Isshinryu (or Isshin Ryu), the Okinawan karate system founded by Shimabuku Tatsuo Soke, has an integrated kobudo or weapons system.  It does not have a name, per se.  

As most karateka know, the word 'karate' by itself means 'empty hand' (it once meant 'China hand').  Therefore, technically no karate system would have a kobudo component to it.  But Isshin Ryu has one.

It consists of the bo, sai, and tuifa (tonfa).  There are several kata for each, except for tuifa, for which there is only one kata.

Now, having said that, one of Shimabuku Soke's students, Tokumora Kensho Sensei, has developed his own style of kobudo, known as Tokushinryu Kobudo.

Tokushinryu Kobudo -

This is an extensive system that uses a larger number of Okinawan weapons, and kata which were created by Tokumora Sensei himself (for the most part).

I am currently studying it, although I am not yet a member of the organization and I hold no rank in that system.  Our dojo has affiliated with Tokushinryu Kobudo and we will eventually be gaining rank in that system, I presume.

Since Tokumura Sensei was a first-generation student of Shimabuku Soke and is a very good friend of Isshin Ryu karateka around the world, it's not uncommon to see the two systems side-by-side.  However, not all Isshin Ryu karateka study a separate kobudo system, and of those that do, not all of them study Tokushinryu Kobudo.

I hope that answers your question.


----------



## Chris Parker (Jun 11, 2016)

MI_martialist said:


> I wonder why it is called kobudo.  What does kobudo have to do with weapons?  Kobudo in old terms is bujutsu.  Now bujutsu has everything to do with weapons.



It's called Kobudo because it's called Kobudo… it's the weaponry systems of Okinawa, many of which predate the formalisation of most of the karate systems… so it's a reference to the fact that, when it comes down to it, the weaponry methods are the "old" priorities, the karate is more recent.

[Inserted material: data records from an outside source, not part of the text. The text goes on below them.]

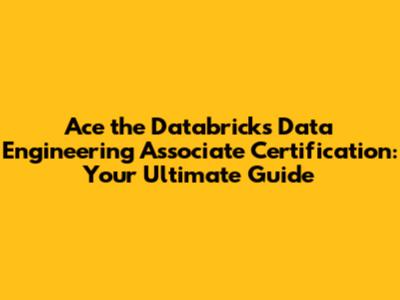 Ace the Databricks Data Engineering Associate Certification: Your Ultimate Guide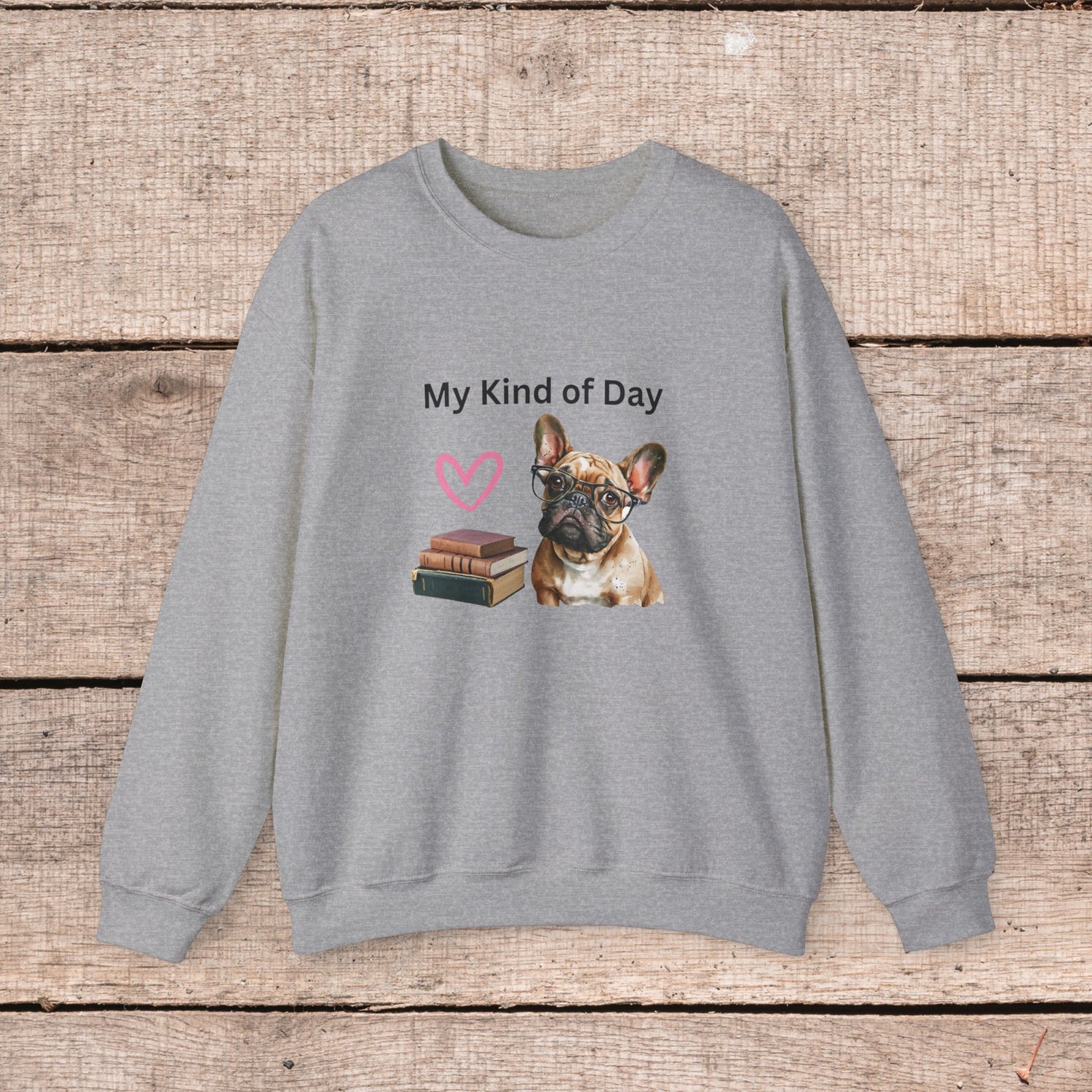 My Kind of Day Mom Frenchie Style Crewneck Pullover Sweatshirt gift for Her, Holiday Gift, Birthday Gift, Book Lover Gift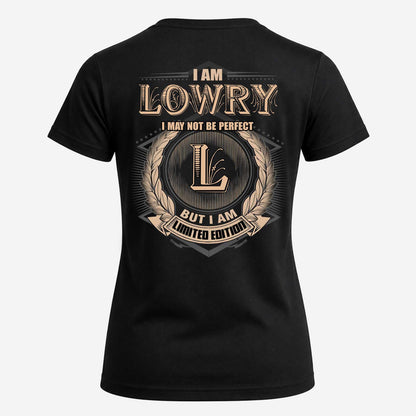 LOWRY 2K-101–Personalized Name Quote Apparel “I Am NAME May Not Be Perfect But I Am Limited Edition”
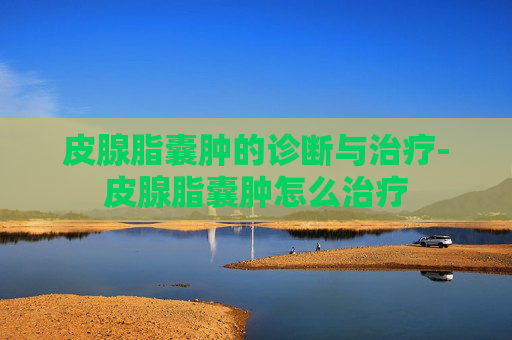 皮腺脂囊肿的诊断与治疗-皮腺脂囊肿怎么治疗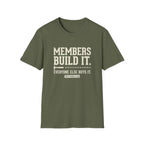 Members Built It T-Shirt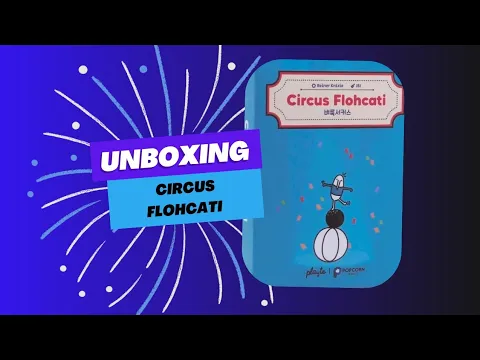 Circus Flohcati unboxing - Playte games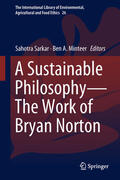 Sarkar / Minteer |  A Sustainable Philosophy—The Work of Bryan Norton | eBook | Sack Fachmedien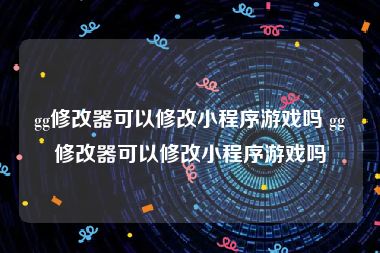 gg修改器可以修改小程序游戏吗 gg修改器可以修改小程序游戏吗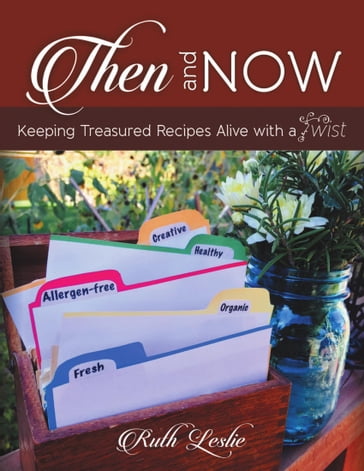Then and Now: Keeping Treasured Recipes Alive With a Twist - Ruth Leslie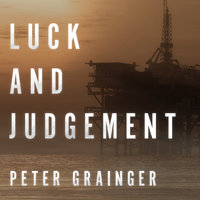 Luck and Judgement - Peter Grainger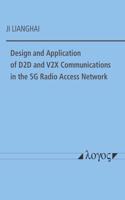 Design and Application of D2d and V2x Communications in the 5g Radio Access Network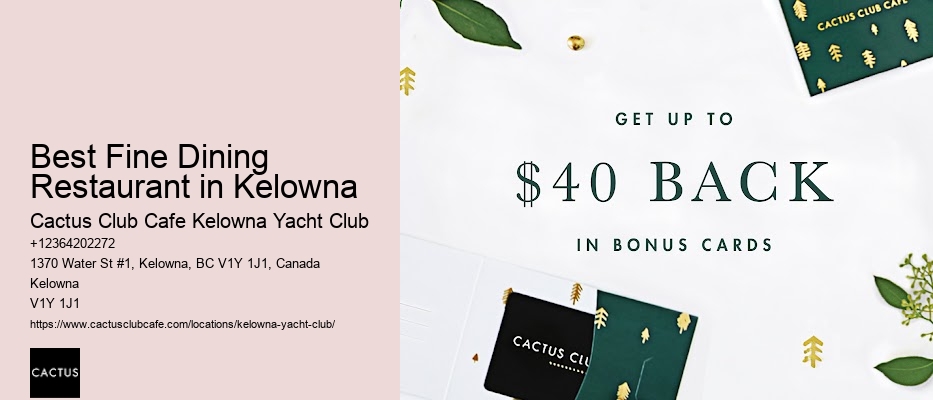 Fine Dining Experiences Await in Kelowna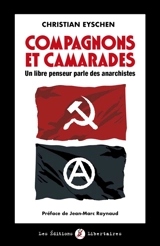Compagnons et camarades : un libre penseur parle des anarchistes - Christian Eyschen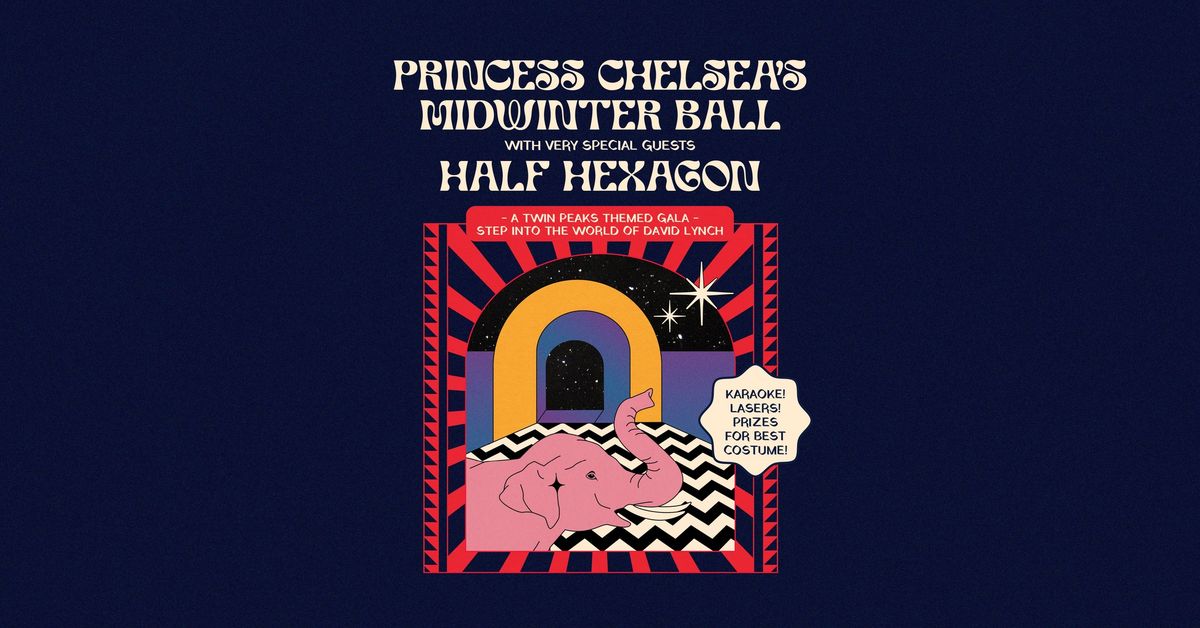 Princess Chelsea's Midwinter Ball with special guests Half Hexagon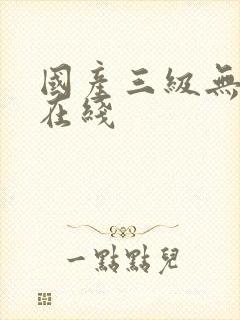 国产三级无删减在线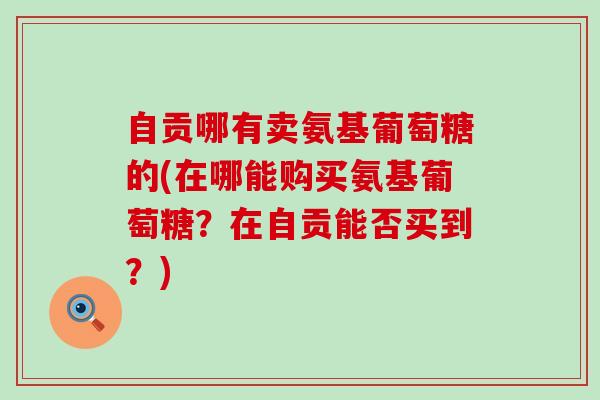 自贡哪有卖氨基葡萄糖的(在哪能购买氨基葡萄糖?在自贡能否买到?)-第1张图片-氨糖科普网 自贡哪有卖氨基葡萄糖的(在哪能购买氨基葡萄糖?在自贡能否买到?)-第1张图片-氨糖科普网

However… Kobudo in old terms is not bujutsu… they are two differing terms. In Japanese arts, Kobudo, Kobujutsu, Koryu are all used fairly interchangeably… similarly, when talking about old systems, it's not uncommon to hear budo and bujutsu used without any real distinction. I also don't follow what you're meaning when you say "Now bujutsu has everything to do with weapons"… are you suggesting that bujutsu equals (Ryukyu) Kobudo? Er… no. The thing is, kobudo is a term that's applied differently in different contexts… when it's used in reference to Ryukyu (Okinawan) methods, it refers to weaponry systems, commonly based around sai, tonfa, kama, bo, and sometimes including tinbe, rochin, eku, and more. When used in reference to Nihon (Japanese) arts, it refers to old systems (Koryu, arts who predate the Meiji Restoration of 1868, in most cases… even that's not entirely clear cut). Confusing the two usages of the term is not realistic, accurate, or anything other than leading to confusion and misunderstandings.


----------